No obtuvo respuesta. Estaba tan enfadada que quería chillar. Si volvía a ver al muchacho, lo mataría con sus propias manos, eso seguro.
—Jerónimo!
Nada. Por primera vez en mucho tiempo, notó lágrimas escociéndole en los ojos cuando su enfado se trocó en frustración… probablemente, jamás encontraría una salida. El laberinto era demasiado grande, y el volcán… Al día siguiente todo aquello desaparecería para siempre. Se enjugó las lágrimas con enfado. Todo era culpa suya. Pero tenía que hacer algo. Y deprisa. Echó a correr por el primer pasadizo, dobló a la izquierda, luego a la derecha y, después, de nuevo a la derecha. ¿Era aquel el camino? Girando otra vez, se encontró en un pasadizo largo y recto y, de pronto, vio algo que venía hacia ella desde el otro extremo. Era un hombre cargado con una mochila. Se detuvo. No la había visto. ¿Debía dar media vuelta y echar a correr? Quizá… quizá no. El hombre era delgado, iba sudado y lo seguía un muchacho…

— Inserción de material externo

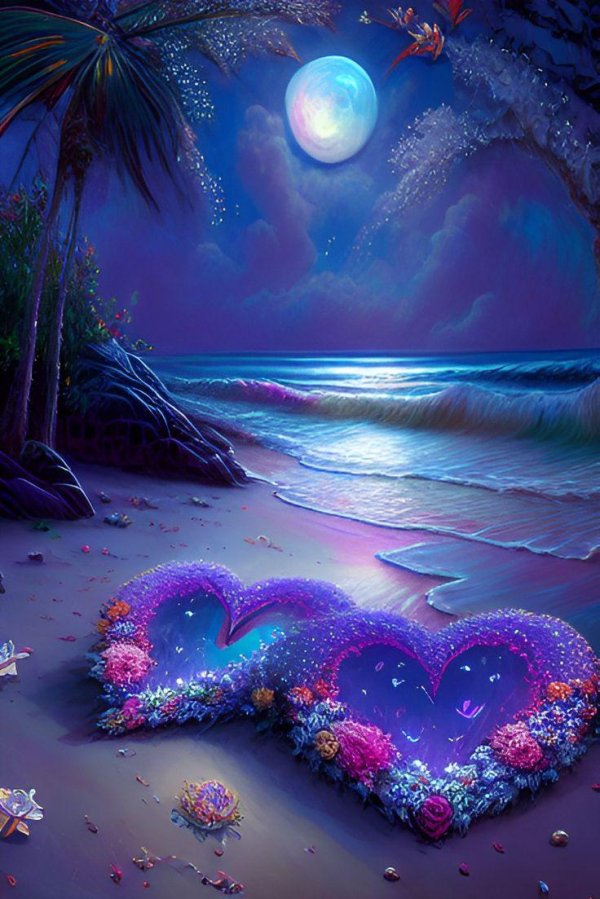 спокойная ночи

Tom volvió a escupir en la oscuridad. Algo grande le estaba caminando por la barbilla. Tenía los dedos de las manos y los pies tan entumecidos que ya no los sentía; sabía que estaban allí, en algún lugar, pero parecían pertenecer a otra persona. Lo único que oía era el débil zumbido de alas de insecto y el rumor de agua circulando muy por debajo de él. En la oscuridad, los sonidos parecían casi agradables, como una pradera en un caluroso día estival. Le adormecían los sentidos y le impedían pensar en que había caído en alguna clase de trampa. ¿Cómo funcionaba? Puede que el agua fuera parte de ella. A lo mejor tenía que quedarse allí colgado como cebo y caer luego al agua para terminar bien limpio. Pero ¿de qué era el cebo? Se estremeció y sopló para quitarse otro escarabajo de la barbilla. No quería pensar en ello. Se negaba a pensar en ello…

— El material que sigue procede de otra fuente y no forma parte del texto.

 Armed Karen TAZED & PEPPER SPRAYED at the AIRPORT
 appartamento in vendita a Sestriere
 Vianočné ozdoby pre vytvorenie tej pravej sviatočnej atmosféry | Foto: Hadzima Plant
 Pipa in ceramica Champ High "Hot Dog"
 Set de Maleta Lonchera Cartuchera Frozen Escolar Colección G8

Y aquello le estaba resultando más fácil a cada momento. El fragante olor y el agradable sonido del agua corriendo, la oscuridad… lo estaban adormeciendo. Después de todo, estaba exhausto. ¿Por qué no echar una cabezada? Poco a poco, notó que se le cerraban los ojos y comenzaba a replegarse sobre sí mismo. Ya no era consciente de que los dedos se le estaban quedando sin fuerzas ni de que los talones se le habían relajado y había empezado a resbalar hacia la aterciopelada oscuridad… arriba, abajo, ya no sabía cuál era cuál; le daba lo mismo. Se quedó dormido, apoyado en la pared con los brazos extendidos.

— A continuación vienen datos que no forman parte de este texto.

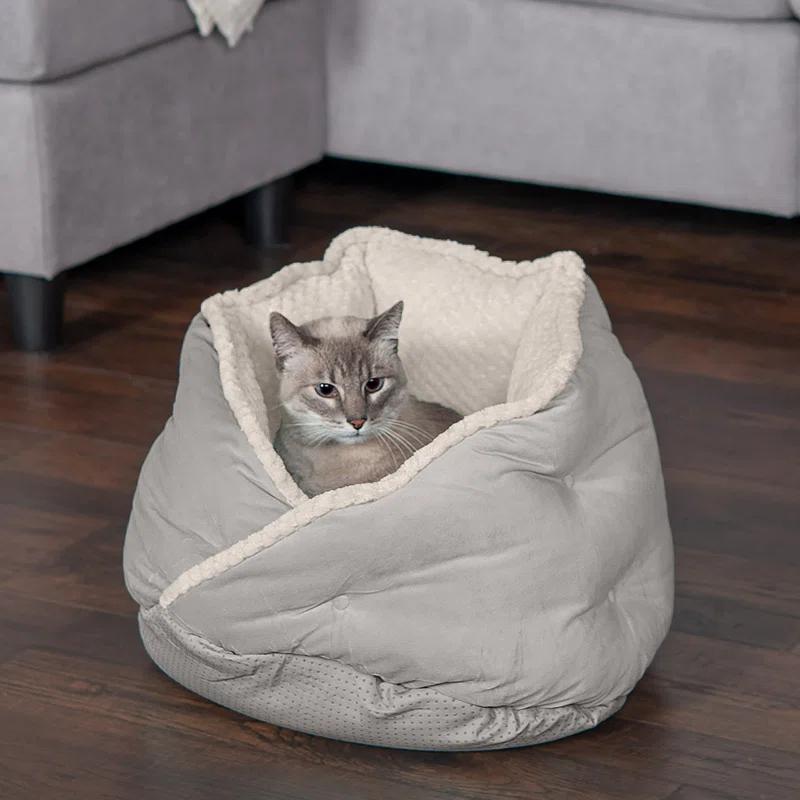 FurHaven Polyester Pet Bed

Y, de no haber estado tan profundamente dormido, habría notado que un pequeño escarabajo gris se le encaramaba a la sucia camiseta, subiendo y bajando con cada una de sus respiraciones. Se habría deshecho de aquella insistente criatura cuando le subió por el cuello hasta el borde de la oreja. El escarabajo le habría hecho cosquillas con sus patas diminutas al bajarle hasta el oído y adentrarse en su aterciopelada oscuridad y, más adelante, él habría intentado quitárselo cuando le entró en el oído medio. Tal vez habría incluso notado que ponía un huevecillo blanco en aquellas acogedoras tinieblas, antes de volver sobre sus pasos y salir. Y, más adelante, en mitad de la noche, cuando la minúscula larva gris eclosionó y comenzó a internarse ciegamente en su oído medio, impulsada por el instinto, quizá habría notado sus dientecillos escarbando el blando cartílago y abriéndose paso hasta los rincones más recónditos de su cerebro, dejando una fina estela de hongo que despertó neuronas que llevaban miles de años en estado latente…
Pero no lo hizo.
En vez de eso, fue vagamente consciente de otra parte de su sueño. Estaba colgado de algún lugar y unos fuertes brazos lo habían izado. Le habían restregado la cara con algo húmedo y lo habían subido a una plataforma construida en un árbol. Era de noche. La luna brillaba. ¿Brillaba la luna? No lo sabía. Quizá sí.